Dans un premier temps on part sur trois saisons et on verra comment ça se passe, tout dépend de l’accueil du public.

On sent que depuis plusieurs années la scène belge s’est installé, comment tu perçois l’hégémonie bruxelloise ?

Y’avait ce truc qui me soulait, où on parlait de rap belge tout le temps, alors que c’était que des rappeurs de BX en vérité. Alors que nous aussi on est belge et on sait que ça rappe partout, mais il y avait qu’une ville qui était mise en avant. C’est comme si on parle de rap français en parlant que des rappeurs de Paris ! Ça n’a pas de sens, il y a des rappeurs partout ! J’aurais préféré qu’on parle de rap bruxellois, au lieu de parler de rap belge et de se focus que sur une ville et le reste on s’en bat les cou*lle.
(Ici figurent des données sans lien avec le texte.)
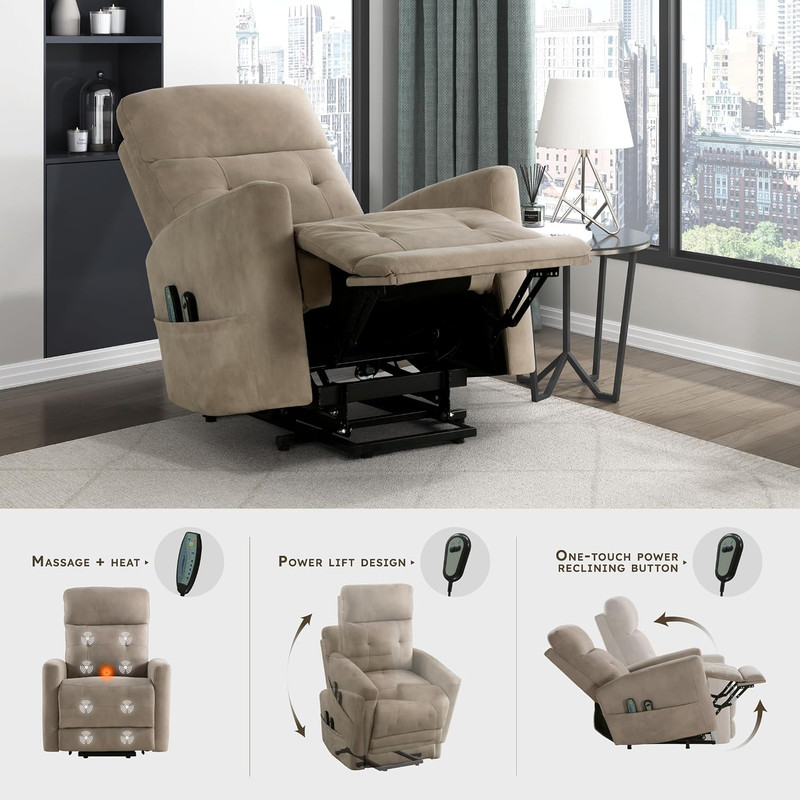 Power Lift Recliner with Heat and Massage for Adults Elderly Ergonomic, Textured gallery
As-tu la volonté de mettre Liège sur la carte ?

De ouf ! En vrai je suis le premier à avoir une telle exposition dans la ville, même si je ne suis peut-être pas celui qui va le plus explose, je tiens à être celui qui va ouvrir les portes. Je tiens à faire croquer tout le monde, ceux avec qui je peux rouler, on roule ensemble si t’es de la ville !

Comment on fait quand on est rappeur débutant à Liège ? Y-a-t-il des studios, des labels ?
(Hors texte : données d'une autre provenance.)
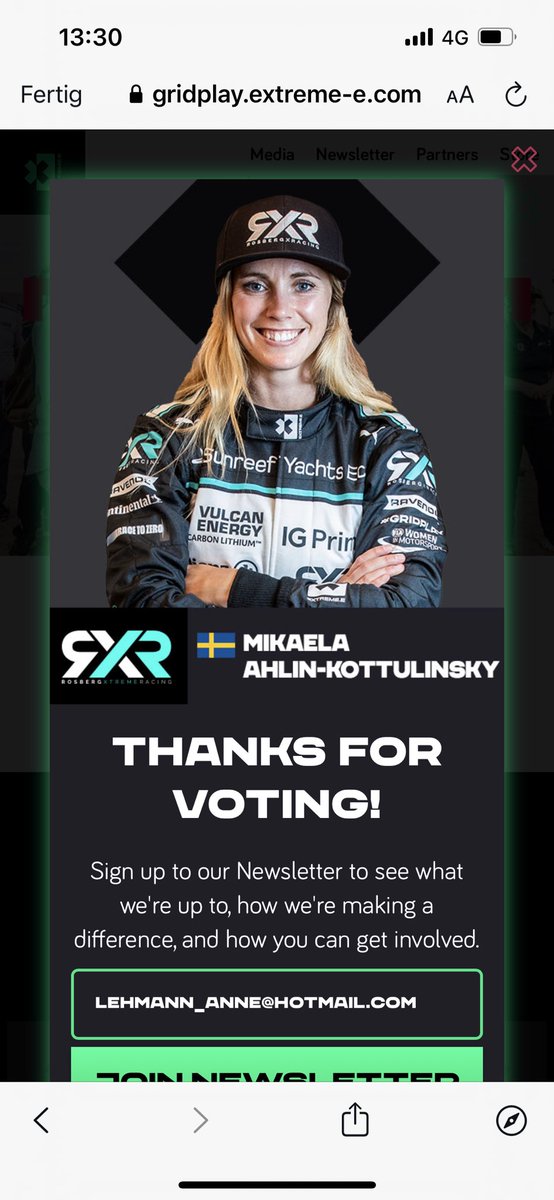 LehmAnnE's tweet photo. Voted 😉 #WinWithRXR @rosbergxracing @NicoRosberg https://t.co/yCBLl2tht4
Il n’y a rien du tout ! La personne qui m’a fait rencontrer Mouss Parash, c’est Franck Lucazz, c’est un bruxellois. Ça veut dire que la force a dû venir d’ailleurs, à Liège, il n’y a vraiment rien du tout pour les rappeurs. C’est tout à la débrouille, il faut démarcher tout seul et aller trouver des gens tout seul. Il faut se déplacer parce que dans la ville il n’y a vraiment rien, c’est mort.

Comment en-es-tu arrivé là alors ?

J’ai un manager qui s’est bougé, j’ai eu de la chance : il croyait en moi. On n’avait rien à perdre et tout à gagner et on a fait ce qu’il fallait faire. Moi je suis en studio je donne mon maximum et lui il démarche, il parle aux gens, il se bouge !

Quels sont tes objectifs pour la suite ?

Que du succès ! Que les gens accueillent ça positivement et qu’ils s’attachent à ma musique, mon personnage et ce que je fais, pour qu’on puisse faire une longue route ensemble.